Rosenthal is correct. Yes, there is a legal process that has to play out, but it would make sense for Major League Baseball and the team to do exactly that. La Russa’s DUI guilty plea in Florida in 2007 is beyond the statute of limitations per Arizona law, so if convicted he wouldn’t be regarded as a two-time offender in that state — and you surely recall what happened to former Cub Mark Grace when he was convicted of DUI in Arizona for the second time, back in 2013. Further, there’s this:
La Russa is lucky it was a single-car breakdown. He's lucky he didn't hurt himself or hurt anyone else. You fired Rick Renteria for his decision-making on the field and replaced him with someone who has very questionable decision-making off it.— Josh Nelson (@soxmachine_josh) November 10, 2020
Beyond this not being a good look for the White Sox, it has likely cost them signing at least one free agent:
Not to overreact to one tweet, but, uh, seems like getting Stroman to Chicago is gonna be a tough sell now pic.twitter.com/Vp7Lna30Tv— Jon Becker (@jonbecker_) November 10, 2020
Here’s free-agent right-hander Marcus Stroman, essentially ruling out signing with the White Sox… https://t.co/GSrOOJ3KY2— Ken Rosenthal (@Ken_Rosenthal) November 10, 2020
Ready to win, they needed a sure thing, and in Reinsdorf’s estimation, La Russa best fit that description. The owner set the runaway train in motion. And unless he finds the emergency brake, he must live with the embarrassment.

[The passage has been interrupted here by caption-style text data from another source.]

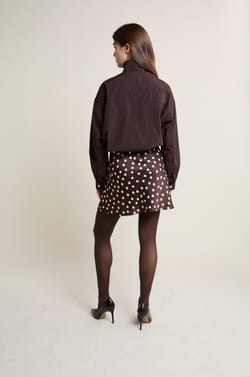 Jupe courte satin&eacute;e &agrave; pois;${refinementColor}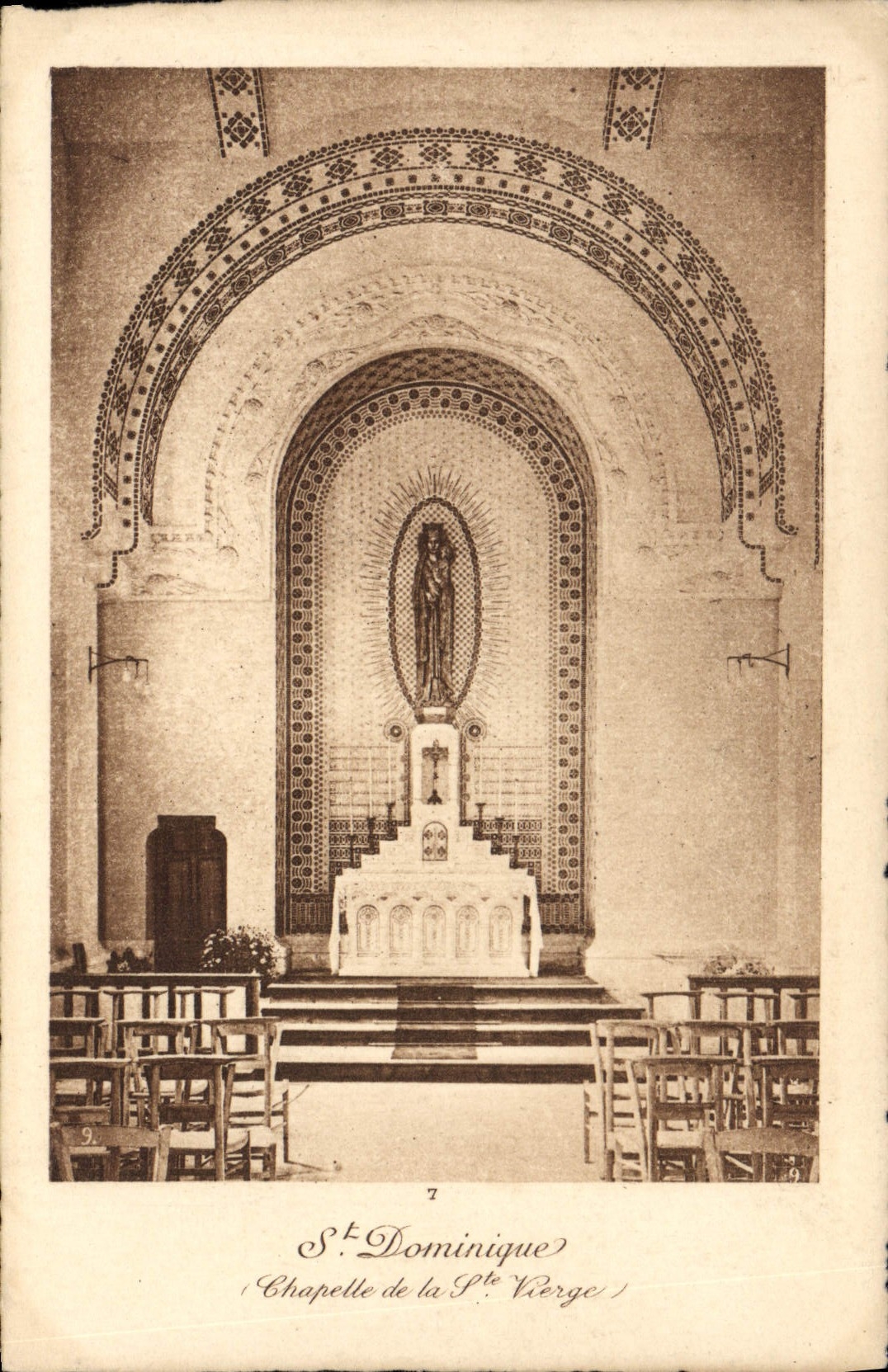 CPA Dominique Paris Chapelle de la Ste Vierge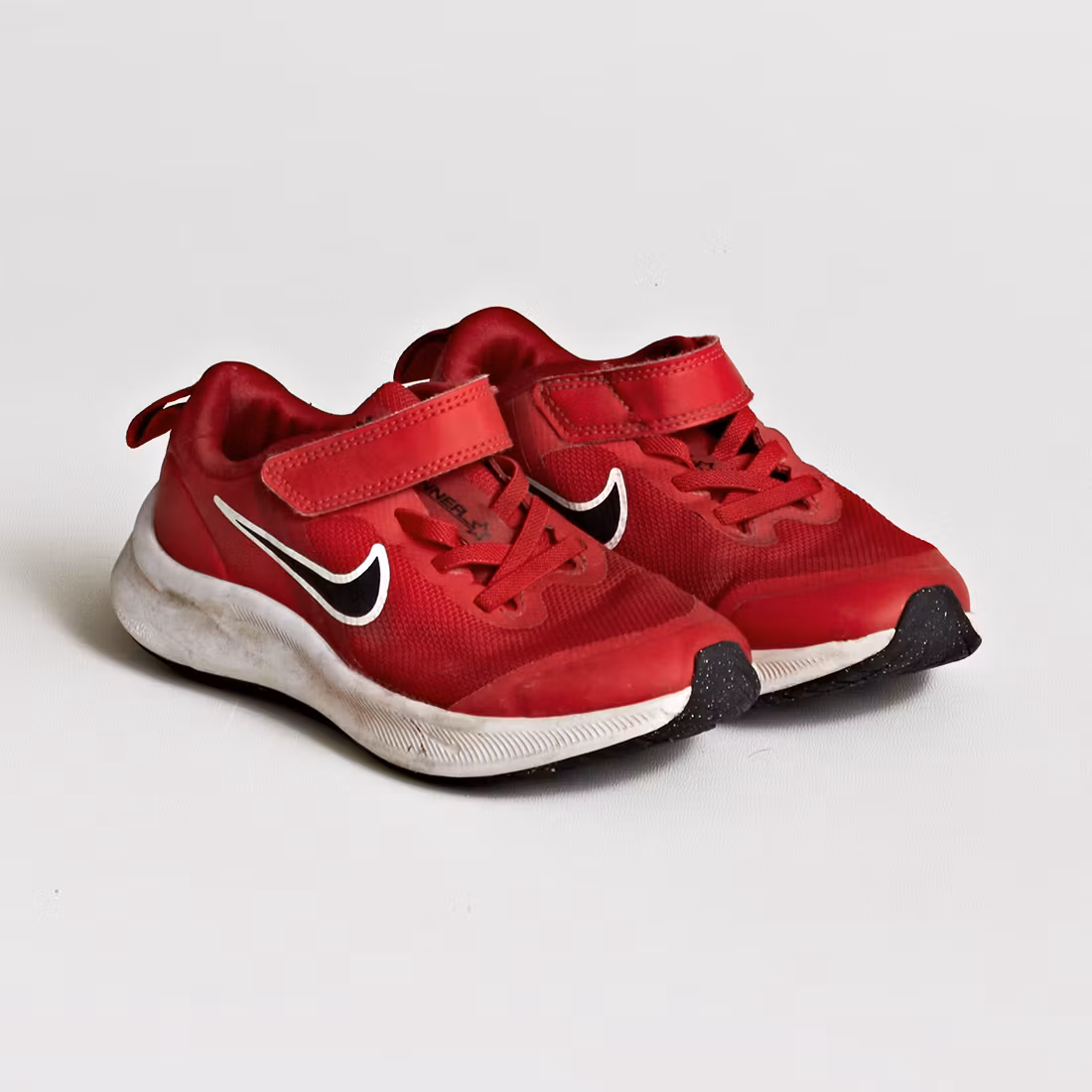 Sneakers - Nike - Storlek 30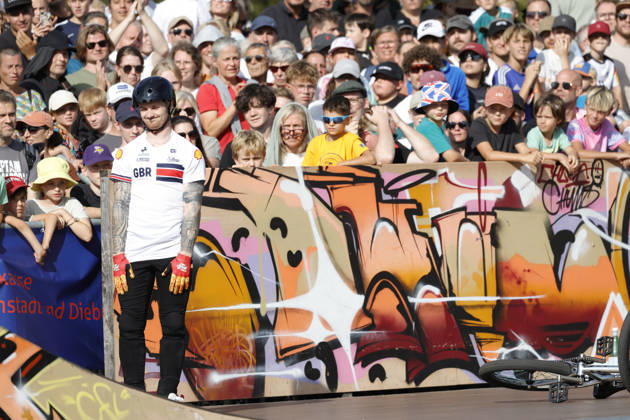 23.08.2026 Finale Männer bei der UEC BMX Freestyle Park Europameisterschaft in Darmstadt Ausrichter VC Darmstadt hier Europameister Jordan Clark (GBR) nach Sturz Darmstadt Hessen Deutschland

Say what you want about Tony La Russa, he was a successful major-league manager whose resume got him into the Hall of Fame. He apparently has an alcohol problem; that can be treated, if the person is willing to do so. Whether or not he does, the White Sox got themselves into an issue that they knew about before the hire and then went ahead and did it anyway. The White Sox don’t seem inclined to do it, per this Tribune article, but in my view, Rosenthal’s idea — putting La Russa on administrative leave pending the outcome of his Arizona DUI — is the least the team ought to do right now.